According to Minister for Corporate Affairs Sachin Pilot, as many as 64 cases were referred to SFIO in three financial years starting 2008-09. Out of this, the agency has completed examination in 55 cases including Sesa Goa Industries, Ambuja Cements, Ultratech Cement and DSS Mobile Communications.
However, the role of SFIO is not limited to monitoring just companies. The fraud investigative arm of the government also safeguards public interest by keeping an eye on money laundering and monetary misappropriation. This includes probe of investor frauds, disappearing companies and cartelisation by firms.
Since inception, it has probed several complex cases, including the Ketan Parekh scam. The agency was also a whistle blower in case of cartelisation by major cement firms, a case that was later referred to the Competition Commission of India for prosecution. SFIO was set up following various stock market scams, irregularities in non-financial banking companies and vanishing plantation companies.

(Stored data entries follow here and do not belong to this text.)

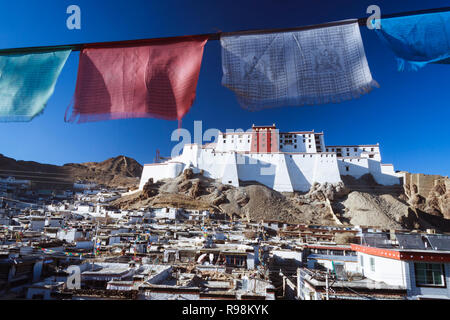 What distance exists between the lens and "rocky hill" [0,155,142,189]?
83.8m

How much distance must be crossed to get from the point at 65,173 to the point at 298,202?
84803 millimetres

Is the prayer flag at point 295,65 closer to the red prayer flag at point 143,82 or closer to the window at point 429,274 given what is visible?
the red prayer flag at point 143,82

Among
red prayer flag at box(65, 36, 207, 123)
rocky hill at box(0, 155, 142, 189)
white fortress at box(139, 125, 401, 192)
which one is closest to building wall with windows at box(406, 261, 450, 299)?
red prayer flag at box(65, 36, 207, 123)

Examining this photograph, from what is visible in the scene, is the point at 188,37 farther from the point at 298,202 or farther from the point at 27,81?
the point at 298,202

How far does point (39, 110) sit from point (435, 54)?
12.5 feet

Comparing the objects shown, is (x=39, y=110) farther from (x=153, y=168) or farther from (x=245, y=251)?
(x=153, y=168)

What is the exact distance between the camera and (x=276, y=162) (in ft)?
157

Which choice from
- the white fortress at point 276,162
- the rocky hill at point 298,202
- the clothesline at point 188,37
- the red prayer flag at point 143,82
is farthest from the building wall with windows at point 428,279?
the white fortress at point 276,162

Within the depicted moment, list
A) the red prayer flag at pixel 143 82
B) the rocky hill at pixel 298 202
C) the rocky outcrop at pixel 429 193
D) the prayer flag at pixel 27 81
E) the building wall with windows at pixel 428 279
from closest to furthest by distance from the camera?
the red prayer flag at pixel 143 82 < the prayer flag at pixel 27 81 < the building wall with windows at pixel 428 279 < the rocky hill at pixel 298 202 < the rocky outcrop at pixel 429 193

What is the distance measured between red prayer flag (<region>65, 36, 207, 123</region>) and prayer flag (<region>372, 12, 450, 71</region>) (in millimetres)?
1710

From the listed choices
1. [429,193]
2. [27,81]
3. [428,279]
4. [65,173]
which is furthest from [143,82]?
[65,173]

The idea behind its inception was to tackle white-collar crimes, especially those committed on a large scale or involved great complexity.
However, some feel the agency lack teeth and adequate resources to intimidate companies. With an increase in economic activity in the country, such frauds are also likely to increase manifold and the government therefore need to improve the system in order to put enough checks and balances to avoid as well as detect such crimes, says Pavan Kumar Vijay, managing director, Corporate Professionals, a capital markets consultancy firm.
According to Vijay, though SFIO, with its multi-disciplinary team, is capable of investigating cases like chit funds etc, more power will enable it to execute them well and on time.
Though the Naresh Chandra Committee had recommended a separate statute for SFIO, it continues to remain a body under the ministry of corporate affairs. Currently a non-statutory body, SFIO lacks legislative recognition.
Experts suggest that given the purview and scope of the required investigation, SFIO need more power for its mandate. “During the Satyam scam, SFIO found it difficult to secure court approvals to interrogate suspects or carry out searches,” one of the experts said.
However, the government says the new Companies Bill, awaiting Rajya Sabha approval, will adorn SFIO with various powers, enabling the agency to become more aggressive and effective in its functioning. Officials said, the new Bill would enable SFIO to seize property and assets and conduct investigations independently. It would also empower it to interrogate anyone outside the country.
Currently, the investigative agency takes up a case only when it is referred to it from the administrative ministry or from the judiciary; the new law would enable it to take up investigations on its own accord.